L’agendina di Minguzzi
Una annotazione investigativa firmata da un maggiore dei carabinieri il 18 aprile 1989 chiedeva accertamenti sull’identificazione di un Alex annotato in un’agendina di Minguzzi con recapiti telefonici di località in Usa e Messico. Il pm nega l’esistenza di questo oggetto. Il giudice ribatte: «Nella storia giudiziaria vi sono stati episodi eclatanti di agente e/o borse scomparse: nessuno eccepirebbe mai che la borsa di Moro o l’agenda rossa di Borsellino non siano esistite perché mai sequestrate».

IMG 4809Il rapporto tra il sedicente Alex e la fidanzata di Minguzzi
Il quarto e ultimo capitolo di cui si compongono le motivazioni della sentenza, vergato dal giudice Michele Leoni, si intitola “I lati oscuri”. Per un centinaio di pagine il focus si concentra in particolare su due persone che sono state sentite dagli investigatori e anche in aula come testimoni durante il dibattimento. Si tratta di Sabrina Ravaglia e Enrico Cervellati. La prima era la fidanzata della vittima all’epoca dei fatti e, secondo la procura, l’ultima persona ad aver visto Minguzzi in vita. Il secondo è un 63enne lughese che all’epoca dei fatti faceva il cameriere e tenne una lunga corrispondenza con Ravaglia, via telefono e via lettera, cominciando da due giorni dopo il rapimento e andando avanti per quasi due anni nascondendosi sempre dietro al nome di fantasia di Alex (peraltro lo stesso nome che compare in un’agenda di Minguzzi non ritrovata (vedi box a destra). Cervellati racconta a Ravaglia di essere coinvolto nel sequestro. Sostiene di averla pedinata e di aver tenuto sotto osservazione Minguzzi negli ultimi giorni prima del sequestro. Durante l’interrogatorio in tribunale, il sedicente Alex ha detto che erano tutte millanterie di un giovane che si sentiva solo e voleva fare colpo su una ragazza di cui aveva scoperto l’esistenza dai giornali che trattavano il caso di cronaca.

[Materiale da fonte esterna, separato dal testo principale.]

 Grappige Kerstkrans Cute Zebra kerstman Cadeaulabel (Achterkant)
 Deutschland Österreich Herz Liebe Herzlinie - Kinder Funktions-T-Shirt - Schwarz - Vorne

Per la corte non è così: Leoni è convinto che quel cameriere ci sia dentro fino al collo, al punto da aver trasmesso gli atti alla procura con una denuncia per falsa testimonianza e reticenza. Non solo: «La Ravaglia non è credibile», scrive il giudice mentre passa in rassegna l’attendibilità di alcune dichiarazioni rilasciate nella ricostruzione dei fatti di quei giorni.

Una volta esaminata nei dettagli la stesura delle motivazioni, la procura decidera se fare ricorso in appello, l’auspicio già avanzato dai familiari della vittima come parti civili.